→ **DATA PROVIDED**
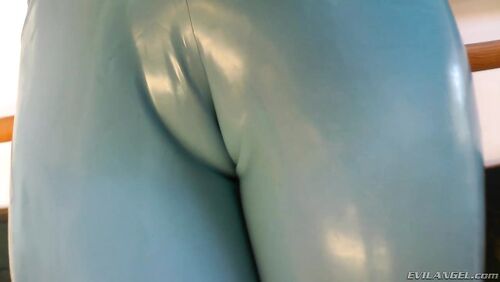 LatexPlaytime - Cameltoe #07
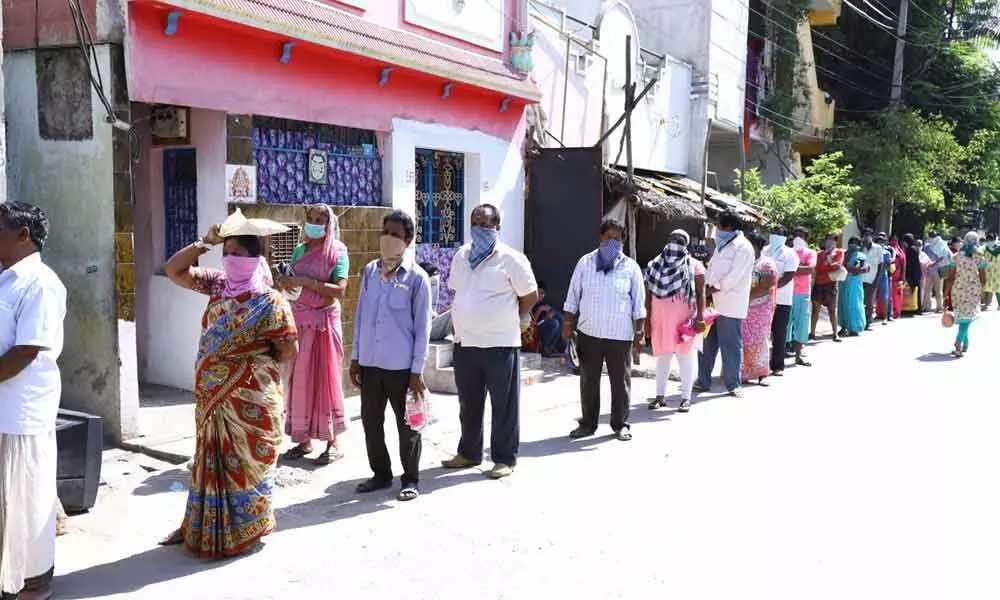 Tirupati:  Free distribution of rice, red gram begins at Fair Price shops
---
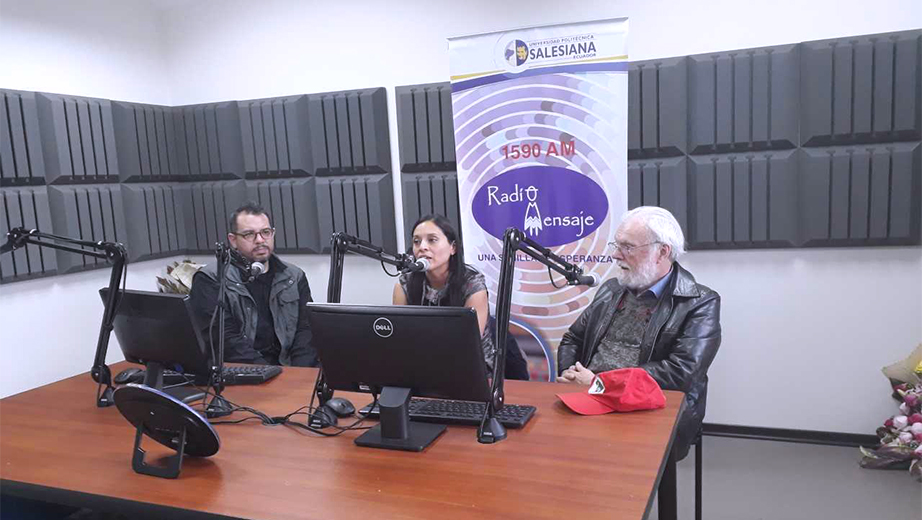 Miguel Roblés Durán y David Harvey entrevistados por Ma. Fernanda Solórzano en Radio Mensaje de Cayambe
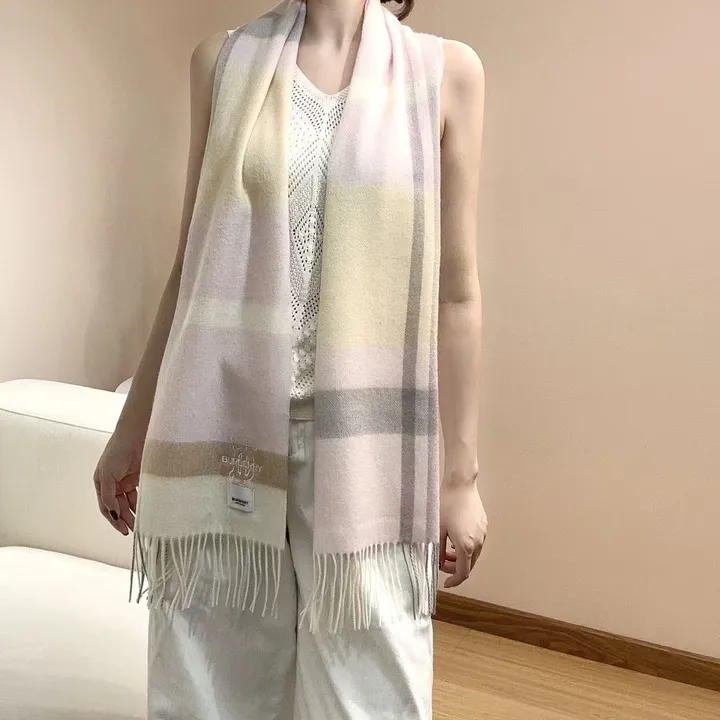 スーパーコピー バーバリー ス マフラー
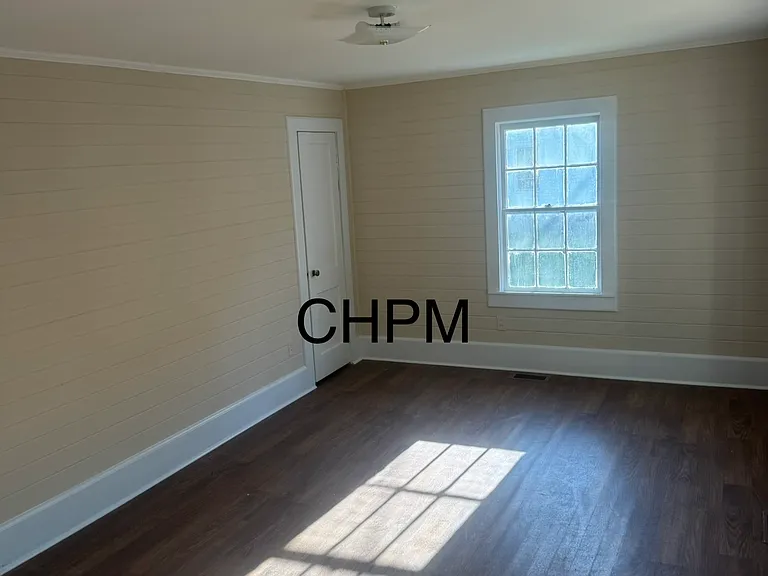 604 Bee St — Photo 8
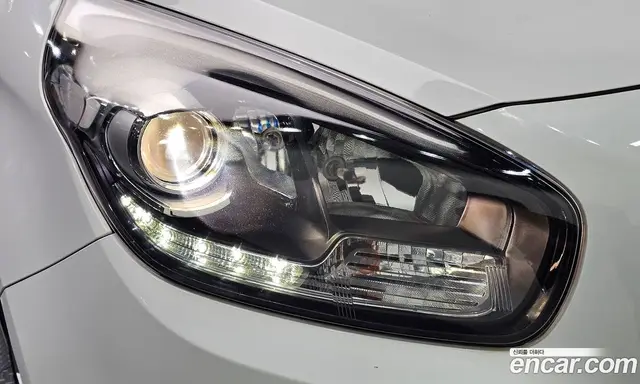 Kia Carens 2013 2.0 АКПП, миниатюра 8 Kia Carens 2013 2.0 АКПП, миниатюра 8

→ **WHAT NEEDS TO BE DONE**
What are the lines above from the one with "LatexPlaytime - Cameltoe #07" to the one with "Fair Price shops", both included? Reproduce them exactly, without pictures.

→ **ANSWER TO THIS TASK**
 LatexPlaytime - Cameltoe #07
 Tirupati:  Free distribution of rice, red gram begins at Fair Price shops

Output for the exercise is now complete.